:: WHAT YOU NEED TO DO ::
Where does the word "Steel" show up in the data? Please find each such line and copy it.

=== DATA FOR THIS TASK ===

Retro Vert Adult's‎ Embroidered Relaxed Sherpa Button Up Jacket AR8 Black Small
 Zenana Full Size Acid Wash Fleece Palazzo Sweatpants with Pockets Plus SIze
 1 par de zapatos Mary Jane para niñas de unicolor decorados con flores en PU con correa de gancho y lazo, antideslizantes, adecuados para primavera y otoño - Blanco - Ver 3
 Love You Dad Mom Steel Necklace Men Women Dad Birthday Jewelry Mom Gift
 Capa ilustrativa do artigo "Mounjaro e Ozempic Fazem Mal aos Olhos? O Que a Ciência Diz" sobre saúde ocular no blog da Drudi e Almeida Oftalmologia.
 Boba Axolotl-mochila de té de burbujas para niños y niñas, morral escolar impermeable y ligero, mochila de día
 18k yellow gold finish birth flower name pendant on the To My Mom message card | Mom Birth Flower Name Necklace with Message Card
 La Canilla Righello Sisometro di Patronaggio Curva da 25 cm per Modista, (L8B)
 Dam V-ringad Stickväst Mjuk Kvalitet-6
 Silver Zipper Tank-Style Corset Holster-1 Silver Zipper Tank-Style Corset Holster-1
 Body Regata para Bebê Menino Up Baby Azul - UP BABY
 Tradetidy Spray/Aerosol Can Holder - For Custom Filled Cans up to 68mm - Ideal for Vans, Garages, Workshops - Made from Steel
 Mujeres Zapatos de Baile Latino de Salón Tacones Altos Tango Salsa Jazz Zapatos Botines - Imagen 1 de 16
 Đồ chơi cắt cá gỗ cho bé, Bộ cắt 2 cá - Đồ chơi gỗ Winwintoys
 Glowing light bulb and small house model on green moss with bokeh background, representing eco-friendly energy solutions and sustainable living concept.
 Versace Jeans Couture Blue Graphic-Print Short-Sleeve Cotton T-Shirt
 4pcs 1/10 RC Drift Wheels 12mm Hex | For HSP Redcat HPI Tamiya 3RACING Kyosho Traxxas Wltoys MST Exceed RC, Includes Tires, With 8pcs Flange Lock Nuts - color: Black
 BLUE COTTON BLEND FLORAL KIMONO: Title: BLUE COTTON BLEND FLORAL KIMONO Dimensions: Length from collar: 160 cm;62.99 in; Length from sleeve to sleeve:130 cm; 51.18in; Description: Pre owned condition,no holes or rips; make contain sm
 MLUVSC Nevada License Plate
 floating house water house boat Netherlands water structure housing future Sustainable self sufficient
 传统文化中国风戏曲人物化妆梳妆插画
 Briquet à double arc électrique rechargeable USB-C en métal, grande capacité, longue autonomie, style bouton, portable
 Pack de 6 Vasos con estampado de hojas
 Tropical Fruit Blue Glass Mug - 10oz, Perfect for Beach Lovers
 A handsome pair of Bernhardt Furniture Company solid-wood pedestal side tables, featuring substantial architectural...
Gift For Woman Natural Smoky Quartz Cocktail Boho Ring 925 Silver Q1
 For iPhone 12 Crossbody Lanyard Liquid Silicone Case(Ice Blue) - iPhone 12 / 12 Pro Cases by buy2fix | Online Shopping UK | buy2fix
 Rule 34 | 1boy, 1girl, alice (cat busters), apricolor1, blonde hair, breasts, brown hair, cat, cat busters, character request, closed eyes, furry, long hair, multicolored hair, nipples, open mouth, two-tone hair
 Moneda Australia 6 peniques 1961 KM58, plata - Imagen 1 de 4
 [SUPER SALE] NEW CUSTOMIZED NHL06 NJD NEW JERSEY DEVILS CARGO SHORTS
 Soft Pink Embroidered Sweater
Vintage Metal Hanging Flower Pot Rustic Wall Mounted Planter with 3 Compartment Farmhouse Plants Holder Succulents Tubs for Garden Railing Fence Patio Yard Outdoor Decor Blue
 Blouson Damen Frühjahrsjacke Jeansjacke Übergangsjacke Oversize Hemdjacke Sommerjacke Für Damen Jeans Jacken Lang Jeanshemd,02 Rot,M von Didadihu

===

:: EXERCISE RESULT ::
 Love You Dad Mom Steel Necklace Men Women Dad Birthday Jewelry Mom Gift
 Tradetidy Spray/Aerosol Can Holder - For Custom Filled Cans up to 68mm - Ideal for Vans, Garages, Workshops - Made from Steel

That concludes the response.